Exercise input below:
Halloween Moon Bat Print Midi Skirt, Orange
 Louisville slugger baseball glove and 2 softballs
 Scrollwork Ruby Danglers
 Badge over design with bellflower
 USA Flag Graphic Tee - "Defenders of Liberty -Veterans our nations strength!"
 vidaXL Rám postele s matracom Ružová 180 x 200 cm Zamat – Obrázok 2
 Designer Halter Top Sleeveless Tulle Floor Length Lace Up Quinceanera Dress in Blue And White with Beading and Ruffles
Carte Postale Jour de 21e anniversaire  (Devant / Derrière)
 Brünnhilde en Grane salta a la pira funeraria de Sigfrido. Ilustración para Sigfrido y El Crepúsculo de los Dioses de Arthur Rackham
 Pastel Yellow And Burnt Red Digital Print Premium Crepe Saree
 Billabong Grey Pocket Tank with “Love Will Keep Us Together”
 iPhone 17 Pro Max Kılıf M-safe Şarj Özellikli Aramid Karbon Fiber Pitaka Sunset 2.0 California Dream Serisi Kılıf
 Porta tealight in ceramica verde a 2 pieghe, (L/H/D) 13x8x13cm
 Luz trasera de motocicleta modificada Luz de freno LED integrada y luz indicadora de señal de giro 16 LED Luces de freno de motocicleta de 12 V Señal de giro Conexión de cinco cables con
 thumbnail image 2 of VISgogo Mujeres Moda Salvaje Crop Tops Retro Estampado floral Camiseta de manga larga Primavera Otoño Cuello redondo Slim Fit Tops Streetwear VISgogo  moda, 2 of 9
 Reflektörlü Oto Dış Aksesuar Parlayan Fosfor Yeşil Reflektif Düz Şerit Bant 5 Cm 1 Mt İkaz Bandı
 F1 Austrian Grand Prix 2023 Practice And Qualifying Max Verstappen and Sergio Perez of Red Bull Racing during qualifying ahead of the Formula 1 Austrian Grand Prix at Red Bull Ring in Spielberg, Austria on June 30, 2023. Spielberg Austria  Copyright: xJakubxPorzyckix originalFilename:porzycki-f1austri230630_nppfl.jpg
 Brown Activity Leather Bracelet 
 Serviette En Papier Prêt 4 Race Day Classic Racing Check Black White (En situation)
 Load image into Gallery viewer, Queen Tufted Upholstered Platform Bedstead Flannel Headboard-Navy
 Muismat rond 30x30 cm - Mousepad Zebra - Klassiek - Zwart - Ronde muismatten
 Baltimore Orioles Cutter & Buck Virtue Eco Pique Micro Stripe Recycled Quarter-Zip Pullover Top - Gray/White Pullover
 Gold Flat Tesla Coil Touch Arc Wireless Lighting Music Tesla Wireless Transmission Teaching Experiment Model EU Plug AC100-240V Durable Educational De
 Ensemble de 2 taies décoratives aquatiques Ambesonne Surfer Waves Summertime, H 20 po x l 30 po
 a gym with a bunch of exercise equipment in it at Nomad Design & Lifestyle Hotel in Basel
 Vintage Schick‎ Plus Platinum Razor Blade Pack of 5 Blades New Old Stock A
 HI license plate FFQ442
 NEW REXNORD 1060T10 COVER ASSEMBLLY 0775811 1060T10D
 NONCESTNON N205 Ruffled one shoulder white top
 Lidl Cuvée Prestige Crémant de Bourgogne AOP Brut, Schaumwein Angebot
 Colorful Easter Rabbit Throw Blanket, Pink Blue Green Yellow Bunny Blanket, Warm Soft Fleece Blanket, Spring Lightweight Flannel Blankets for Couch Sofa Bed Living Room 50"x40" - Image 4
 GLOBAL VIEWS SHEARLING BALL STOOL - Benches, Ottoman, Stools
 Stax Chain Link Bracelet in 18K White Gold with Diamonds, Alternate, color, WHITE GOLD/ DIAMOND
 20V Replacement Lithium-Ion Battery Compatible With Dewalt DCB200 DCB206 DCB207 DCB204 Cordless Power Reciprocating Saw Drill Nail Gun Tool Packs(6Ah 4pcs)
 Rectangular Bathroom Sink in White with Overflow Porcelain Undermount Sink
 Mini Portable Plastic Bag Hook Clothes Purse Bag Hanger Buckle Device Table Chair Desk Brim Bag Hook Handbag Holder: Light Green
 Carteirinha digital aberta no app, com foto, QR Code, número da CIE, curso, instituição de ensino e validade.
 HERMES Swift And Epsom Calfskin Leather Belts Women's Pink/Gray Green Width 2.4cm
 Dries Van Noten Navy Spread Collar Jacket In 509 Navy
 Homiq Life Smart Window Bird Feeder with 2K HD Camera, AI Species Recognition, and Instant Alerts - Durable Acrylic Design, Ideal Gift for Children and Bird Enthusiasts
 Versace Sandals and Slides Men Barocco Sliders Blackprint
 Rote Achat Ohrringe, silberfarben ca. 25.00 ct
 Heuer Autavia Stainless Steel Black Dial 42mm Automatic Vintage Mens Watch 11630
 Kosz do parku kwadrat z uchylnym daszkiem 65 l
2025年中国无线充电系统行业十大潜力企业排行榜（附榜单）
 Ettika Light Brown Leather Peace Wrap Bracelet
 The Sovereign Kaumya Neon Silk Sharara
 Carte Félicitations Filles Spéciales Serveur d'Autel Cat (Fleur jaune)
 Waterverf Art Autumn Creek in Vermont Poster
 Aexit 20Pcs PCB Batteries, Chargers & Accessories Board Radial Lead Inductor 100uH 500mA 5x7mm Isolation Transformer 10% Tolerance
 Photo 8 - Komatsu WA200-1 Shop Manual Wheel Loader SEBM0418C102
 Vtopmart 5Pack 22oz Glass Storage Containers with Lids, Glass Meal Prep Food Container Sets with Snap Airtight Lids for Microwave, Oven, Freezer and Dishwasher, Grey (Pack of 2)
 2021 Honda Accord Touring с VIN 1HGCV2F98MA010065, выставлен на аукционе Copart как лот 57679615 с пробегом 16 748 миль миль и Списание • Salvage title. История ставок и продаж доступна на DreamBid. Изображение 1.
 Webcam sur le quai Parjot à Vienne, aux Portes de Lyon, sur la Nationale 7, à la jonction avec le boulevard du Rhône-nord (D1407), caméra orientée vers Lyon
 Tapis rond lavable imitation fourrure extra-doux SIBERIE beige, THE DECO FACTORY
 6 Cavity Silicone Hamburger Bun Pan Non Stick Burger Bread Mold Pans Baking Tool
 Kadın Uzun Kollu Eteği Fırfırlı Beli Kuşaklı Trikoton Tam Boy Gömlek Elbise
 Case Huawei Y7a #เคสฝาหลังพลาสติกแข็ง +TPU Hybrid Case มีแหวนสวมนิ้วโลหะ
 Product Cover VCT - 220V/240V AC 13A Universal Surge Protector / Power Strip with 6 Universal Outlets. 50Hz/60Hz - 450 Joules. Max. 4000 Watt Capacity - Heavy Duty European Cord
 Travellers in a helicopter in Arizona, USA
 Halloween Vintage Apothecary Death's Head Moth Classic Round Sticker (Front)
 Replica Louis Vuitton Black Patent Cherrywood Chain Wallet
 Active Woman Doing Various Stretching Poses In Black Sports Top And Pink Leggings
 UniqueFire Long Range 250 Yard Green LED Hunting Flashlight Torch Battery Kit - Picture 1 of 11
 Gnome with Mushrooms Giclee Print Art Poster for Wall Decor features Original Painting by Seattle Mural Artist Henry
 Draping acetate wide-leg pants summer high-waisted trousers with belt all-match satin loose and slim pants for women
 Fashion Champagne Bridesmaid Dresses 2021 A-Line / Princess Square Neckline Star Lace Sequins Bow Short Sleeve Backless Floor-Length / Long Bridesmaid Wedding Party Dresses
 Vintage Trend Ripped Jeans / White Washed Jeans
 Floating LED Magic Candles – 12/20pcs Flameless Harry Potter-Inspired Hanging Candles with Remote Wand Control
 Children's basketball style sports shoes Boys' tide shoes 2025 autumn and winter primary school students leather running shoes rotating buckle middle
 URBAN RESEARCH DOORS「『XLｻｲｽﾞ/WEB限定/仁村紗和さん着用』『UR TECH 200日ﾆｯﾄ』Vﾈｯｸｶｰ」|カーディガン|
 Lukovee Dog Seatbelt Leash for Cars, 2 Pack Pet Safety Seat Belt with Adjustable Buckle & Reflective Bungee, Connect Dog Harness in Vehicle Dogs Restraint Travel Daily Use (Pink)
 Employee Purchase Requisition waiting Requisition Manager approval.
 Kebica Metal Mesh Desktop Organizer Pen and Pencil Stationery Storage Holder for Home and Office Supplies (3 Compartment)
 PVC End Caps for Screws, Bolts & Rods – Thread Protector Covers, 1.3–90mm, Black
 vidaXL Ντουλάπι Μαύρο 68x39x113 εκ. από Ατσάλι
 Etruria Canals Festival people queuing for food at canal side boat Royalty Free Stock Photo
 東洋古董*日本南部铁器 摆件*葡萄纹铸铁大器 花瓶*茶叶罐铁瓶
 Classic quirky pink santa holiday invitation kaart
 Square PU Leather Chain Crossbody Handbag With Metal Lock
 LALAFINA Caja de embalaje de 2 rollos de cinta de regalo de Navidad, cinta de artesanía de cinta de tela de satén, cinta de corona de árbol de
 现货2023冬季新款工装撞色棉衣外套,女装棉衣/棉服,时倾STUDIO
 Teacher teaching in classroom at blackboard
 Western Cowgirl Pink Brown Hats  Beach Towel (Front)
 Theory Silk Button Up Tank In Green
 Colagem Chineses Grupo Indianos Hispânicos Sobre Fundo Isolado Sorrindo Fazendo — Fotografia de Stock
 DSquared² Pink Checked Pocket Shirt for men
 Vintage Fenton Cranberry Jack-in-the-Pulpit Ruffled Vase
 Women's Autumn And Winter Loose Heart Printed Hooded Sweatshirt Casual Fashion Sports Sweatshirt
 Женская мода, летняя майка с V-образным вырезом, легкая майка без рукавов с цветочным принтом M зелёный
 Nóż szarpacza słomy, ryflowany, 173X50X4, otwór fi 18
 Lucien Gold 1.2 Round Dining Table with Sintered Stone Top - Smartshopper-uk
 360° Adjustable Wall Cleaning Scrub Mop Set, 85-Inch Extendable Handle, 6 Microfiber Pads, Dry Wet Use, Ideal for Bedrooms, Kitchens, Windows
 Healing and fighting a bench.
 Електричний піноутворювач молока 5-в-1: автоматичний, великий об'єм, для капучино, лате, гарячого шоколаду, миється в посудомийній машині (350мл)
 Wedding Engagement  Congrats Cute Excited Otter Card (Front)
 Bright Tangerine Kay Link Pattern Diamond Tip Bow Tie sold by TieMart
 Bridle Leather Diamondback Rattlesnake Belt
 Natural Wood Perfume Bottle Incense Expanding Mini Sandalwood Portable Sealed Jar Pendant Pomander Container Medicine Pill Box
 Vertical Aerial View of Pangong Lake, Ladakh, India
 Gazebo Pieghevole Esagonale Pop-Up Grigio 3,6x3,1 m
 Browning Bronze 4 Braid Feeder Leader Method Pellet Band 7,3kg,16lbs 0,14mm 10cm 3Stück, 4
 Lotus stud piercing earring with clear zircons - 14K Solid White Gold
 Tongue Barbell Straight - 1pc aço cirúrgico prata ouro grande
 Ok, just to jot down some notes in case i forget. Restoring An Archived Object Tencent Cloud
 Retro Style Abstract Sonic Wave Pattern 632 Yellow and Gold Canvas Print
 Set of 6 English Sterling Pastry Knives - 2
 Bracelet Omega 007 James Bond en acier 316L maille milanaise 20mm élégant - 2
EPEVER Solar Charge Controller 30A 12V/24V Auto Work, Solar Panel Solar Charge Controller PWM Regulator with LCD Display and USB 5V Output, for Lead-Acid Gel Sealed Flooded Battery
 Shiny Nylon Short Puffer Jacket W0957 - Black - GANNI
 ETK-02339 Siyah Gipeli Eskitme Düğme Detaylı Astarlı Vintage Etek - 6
End of Exercise input.
Reproduce exactly the lines above from the line with "Bridle Leather Diamondback Rattlesnake Belt" to the line with "Bracelet Omega 007", including both, and add nothing.

__The completed task__.
 Bridle Leather Diamondback Rattlesnake Belt
 Natural Wood Perfume Bottle Incense Expanding Mini Sandalwood Portable Sealed Jar Pendant Pomander Container Medicine Pill Box
 Vertical Aerial View of Pangong Lake, Ladakh, India
 Gazebo Pieghevole Esagonale Pop-Up Grigio 3,6x3,1 m
 Browning Bronze 4 Braid Feeder Leader Method Pellet Band 7,3kg,16lbs 0,14mm 10cm 3Stück, 4
 Lotus stud piercing earring with clear zircons - 14K Solid White Gold
 Tongue Barbell Straight - 1pc aço cirúrgico prata ouro grande
 Ok, just to jot down some notes in case i forget. Restoring An Archived Object Tencent Cloud
 Retro Style Abstract Sonic Wave Pattern 632 Yellow and Gold Canvas Print
 Set of 6 English Sterling Pastry Knives - 2
 Bracelet Omega 007 James Bond en acier 316L maille milanaise 20mm élégant - 2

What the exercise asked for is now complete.